Mesa Petroleum Co., the Amarillo-based oil company headed by T. Boone Pickens Jr. that has served as a catalyst in restructuring the domestic oil industry, announced plans yesterday to restructure itself.
The restructuring, designed to maximize value for Mesa shareholders, would convert Mesa to a limited partnership. Stockholders will vote on whether to approve the change in December. The plan also signals the end of an era in corporate takeover history, since Mesa will no longer be available to be used to launch hostile takeover bids for major oil companies.
Pickens has sparked a restructuring of the domestic oil industry in the last several years by using Mesa as the vehicle for hostile takeover attempts. While Pickens never acquired any of his targets, he made millions for Mesa by purchasing large stakes in giant oil companies, including Gulf Oil Corp., that were sold to other bidders at premium prices.
Converting Mesa to a limited partnership means the corporation no longer plans to retain cash from oil and gas sales to use for future exploration or for takeover bids.
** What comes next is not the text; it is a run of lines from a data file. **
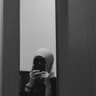 Amandadwiic profile picture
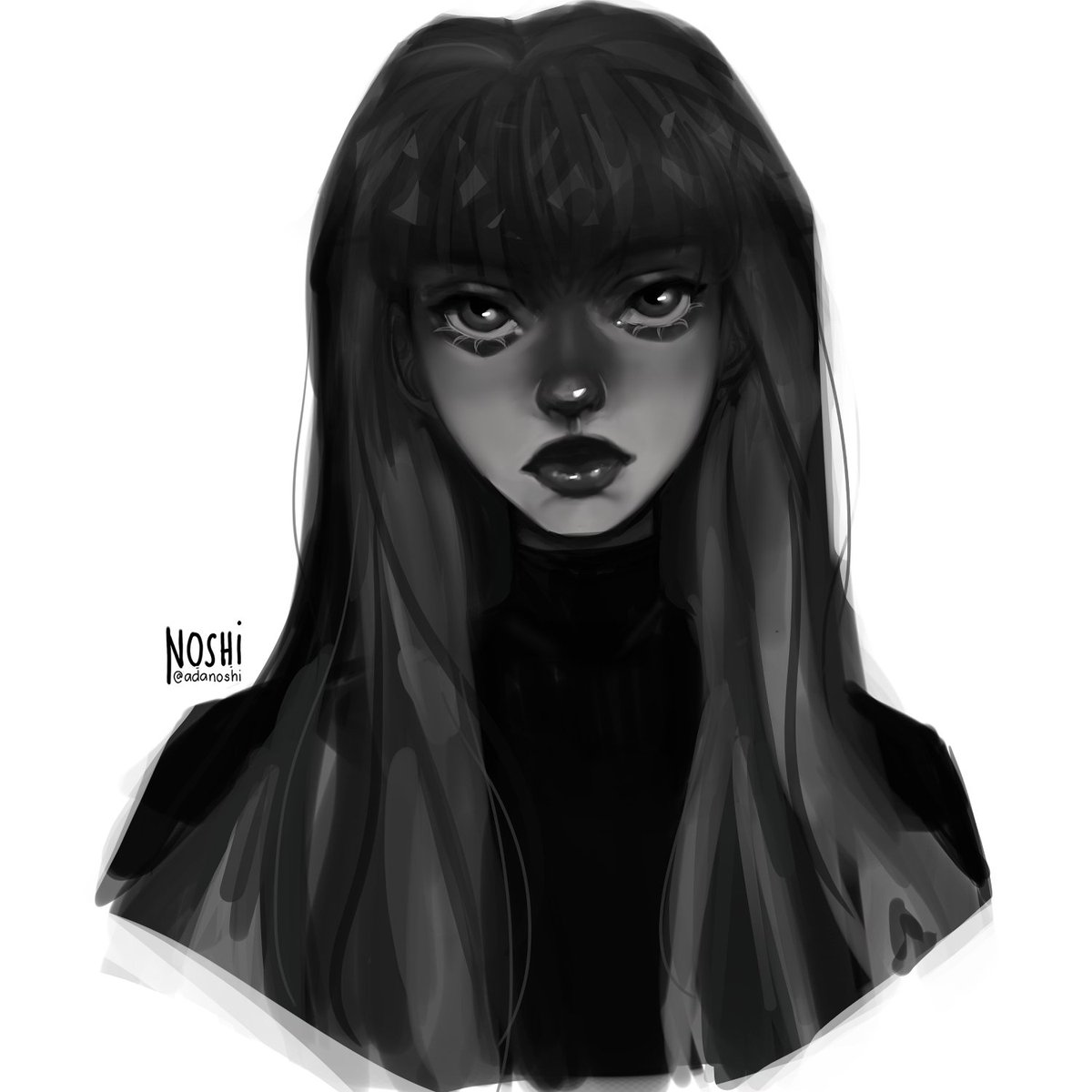 adanoshi_'s tweet image. rendering lol #artph #ArtistOnTwitter 
ig for process: Instagram.com/adanoshi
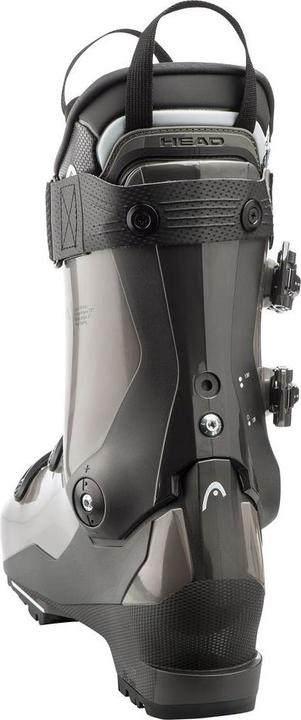 Immagine prodotto Head Kaliber 120 MV GW Boa (28.5)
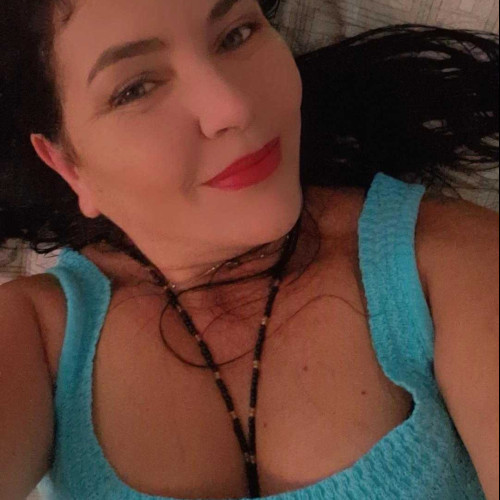 Erica M. profile photo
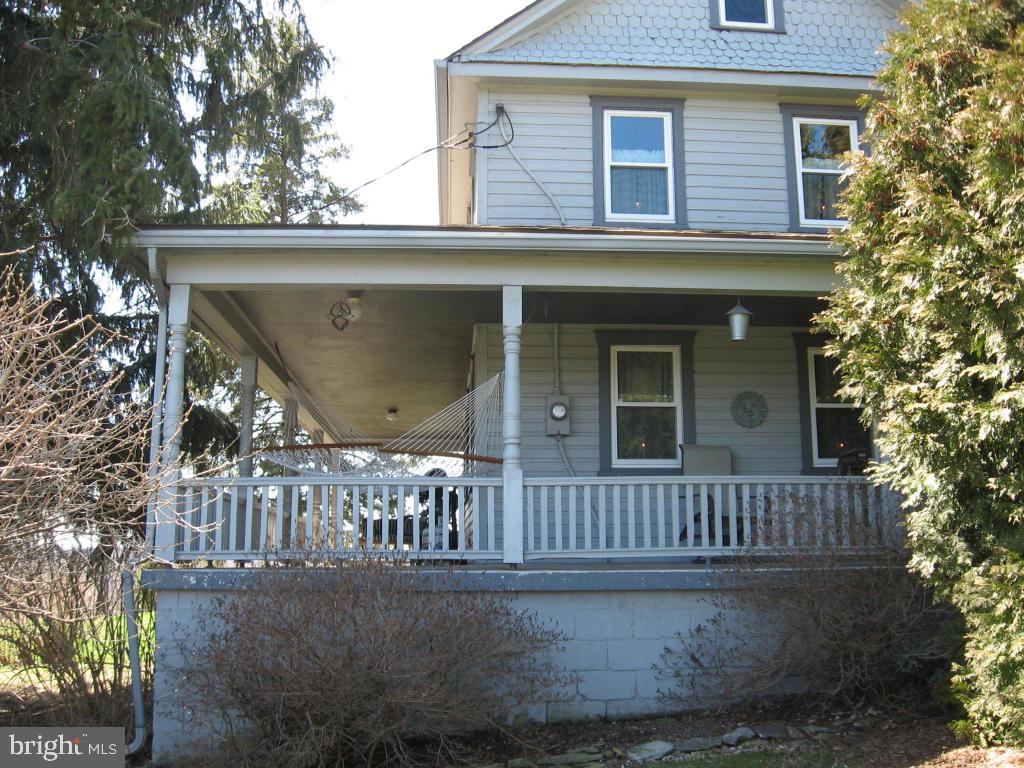 408 River Road Pequea, PA 17565 - Photo 4 of 35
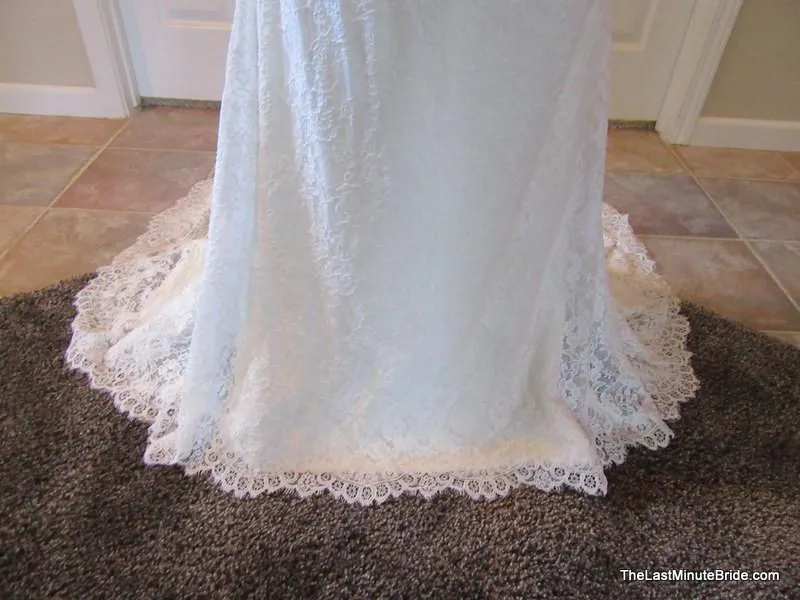 Stella York 6182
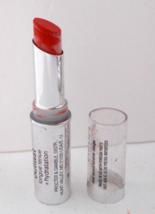 COVERGIRL Lipstick Red Siren #915 Flaw Tip Shelf Pull .12 oz - $6.92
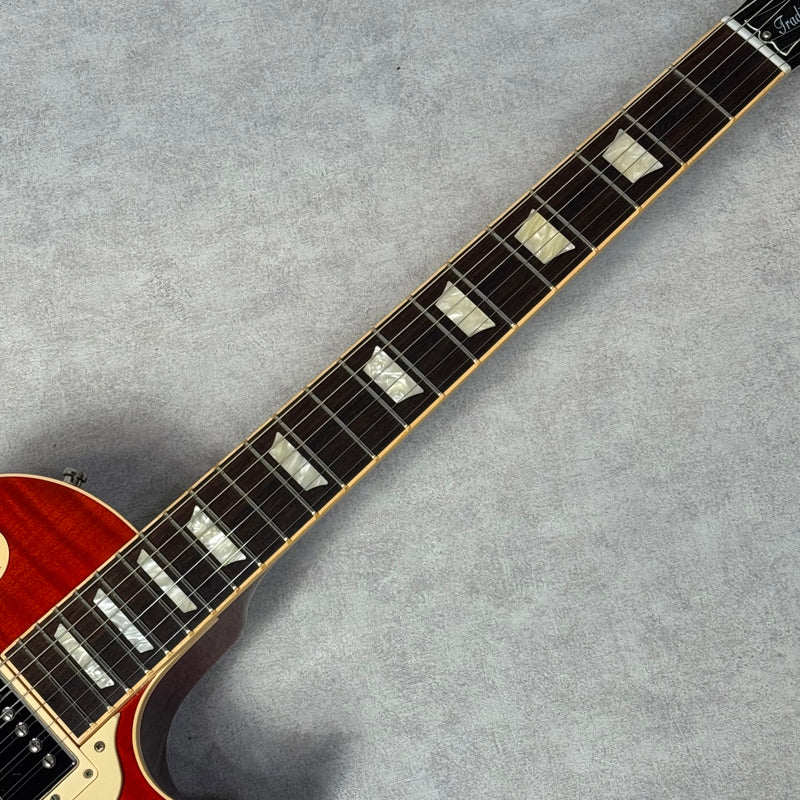 Gibson Les Paul Traditional 2013 【加古川店】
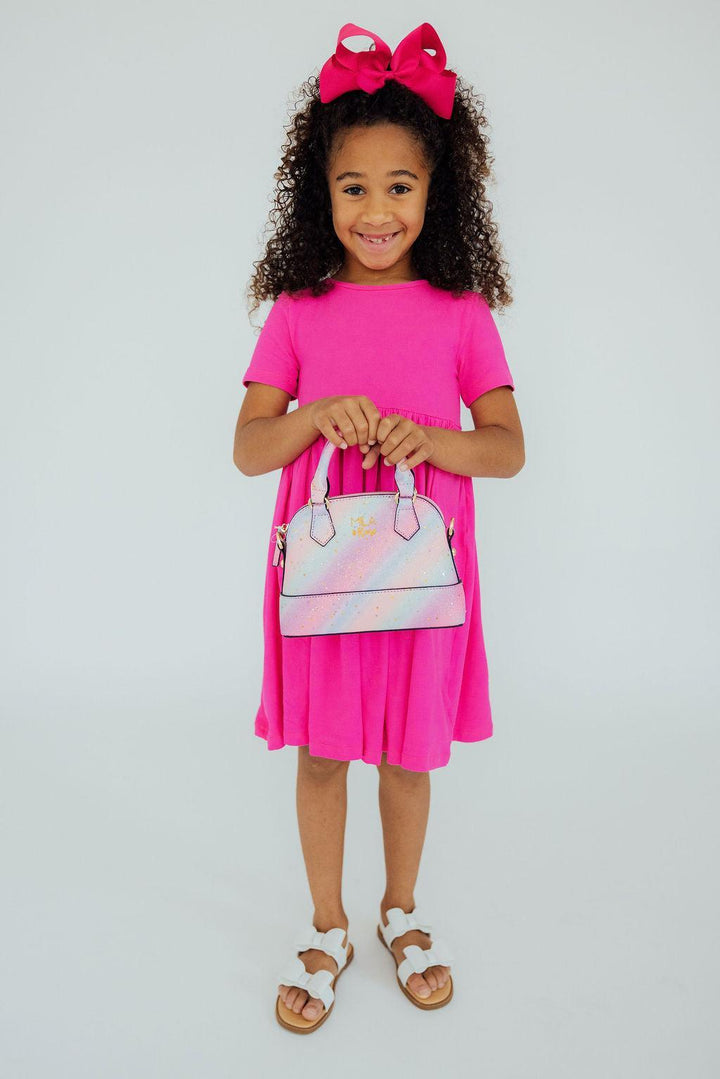 Princess Glitter Girl&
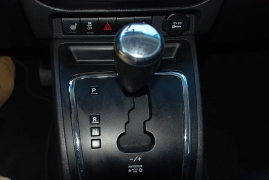 Used 2012 Jeep Compass 4d SUV FWD Limited at Bulldog Motors near Pasco, WA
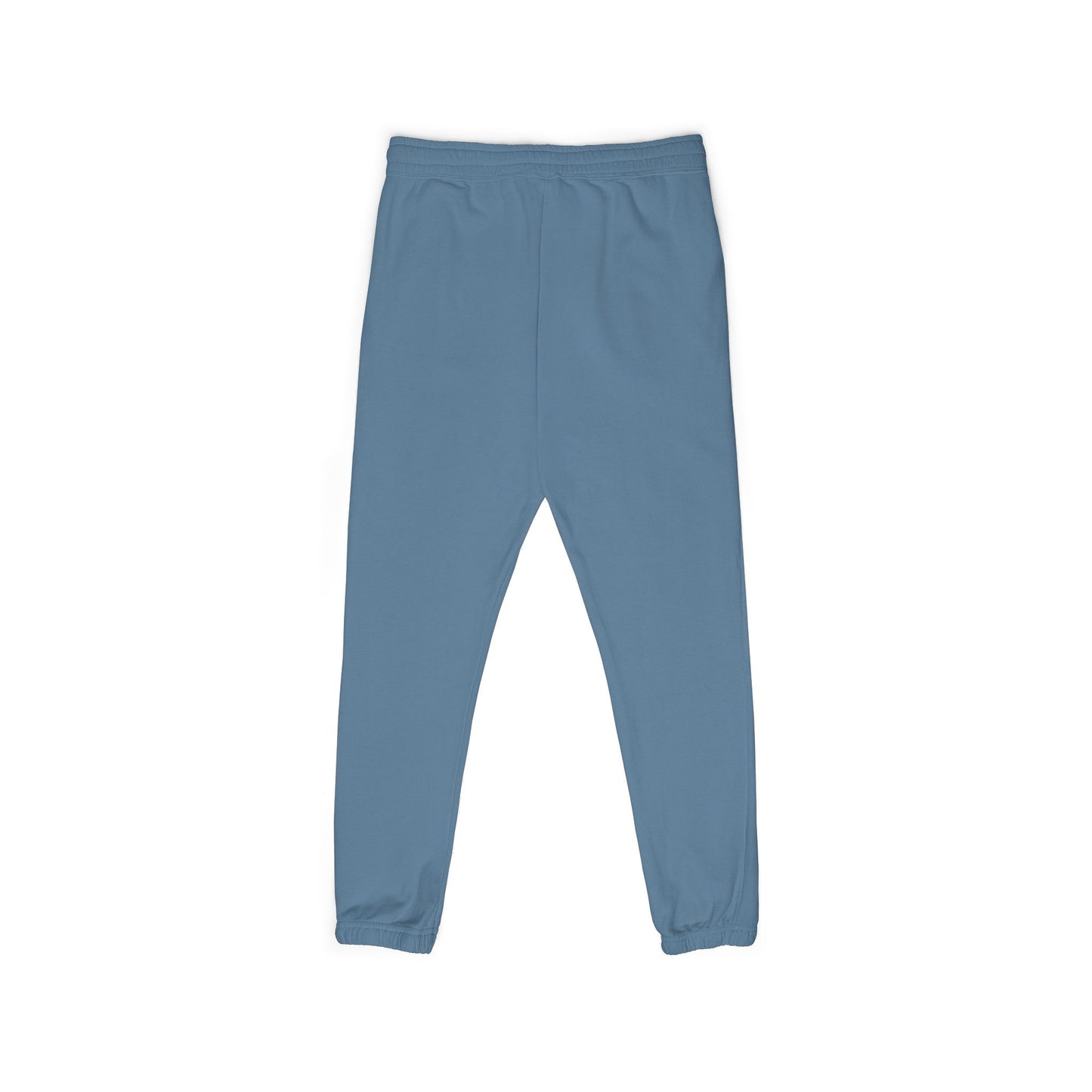 Men's Fleece Sweatpants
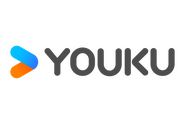 Youku Logo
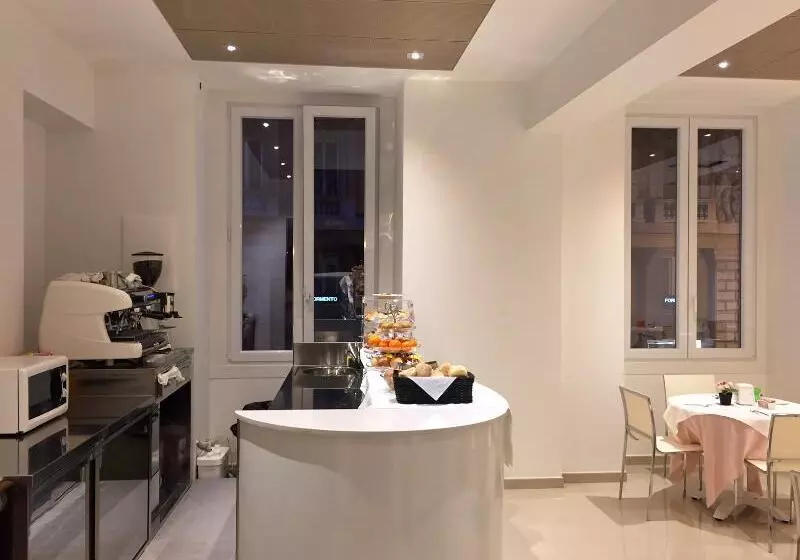 Fotos del hotel Bel Soggiorno:  15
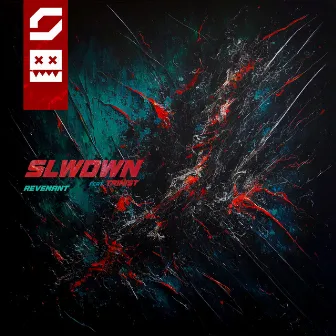 Revenant by SLWDWN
Instead, the Mesa Limited Partnership will make quarterly distributions of cash from operations directly to Mesa Limited Partnership unit holders.
The limited partnership also will increase returns to Mesa stockholders by taking advantage of several tax provisions. For example, the limited partnership is free of the corporate income tax that Mesa currently must pay on earnings.
In addition to being a major Mesa shareholder, Pickens will benefit from the conversion because it will trigger the excercise of options he holds to purchase 4.8 million Mesa shares at $11.50 a share. Without the restructuring, these options would not have become completely excercisable for several years. Mesa stock rose 1 5/8 yesterday, to close at 17 1/8.
Pickens said he favors the restructuring because he is pessimistic about the outlook for oil prices. Since he does not believe prices are high enough to justify aggressive energy exploration, he favors returning cash directly to Mesa shareholders rather than reinvesting the company's profits in businesses outside the oil industry or using the proceeds in takeover bids. Pickens became disillusioned with using Mesa to launch hostile takeover attempts following his aborted effort to gain control of Unocal Corp. earlier this year.
"This is really a sophisticated way of liquidating the company, and I think the bottom line is that T. Boone and Mesa are basically riding into the sunset with the Mesa Limited Partnership," said Alan Edgar, an oil analyst with Schneider, Bernet and Hickman in Dallas. "Mesa will be left with the most efficient vehicle to maximize shareholder investment, and I think Boone might become a private merchant banker and launch takeover bids on his own. This is an efficient way for him to pull off the grand finale for Mesa."
Pickens, who will serve as general partner of the limited partnership, said yesterday he has no plans to launch takeover bids on his own.
"We're facing industry fundamentals that are damn tough to deal with, and we would just as soon flow through cash to stockholders and go back to aggressive exploration at some later date if we have fundamentals we can live with," Pickens said. "When we looked at our options at Mesa, we could be an aggressive explorer or continue to pursue takeovers. We decided we didn't want to pursue the takeover game, and it is not the time to be an aggressive explorer."
Under the plan, Mesa stockholders would receive one limited partnership unit for each Mesa share. Substantially all of Mesa's oil and gas properties would be transferred to the partnership. The 14.6 million shares of Unocal stock owned by Mesa would be retained by Mesa and sold over a period of not less than a year following approval of the restructuring. It is expected that the proceeds of these sales would be used to purchase limited partnership units that would be distributed to Mesa unit holders.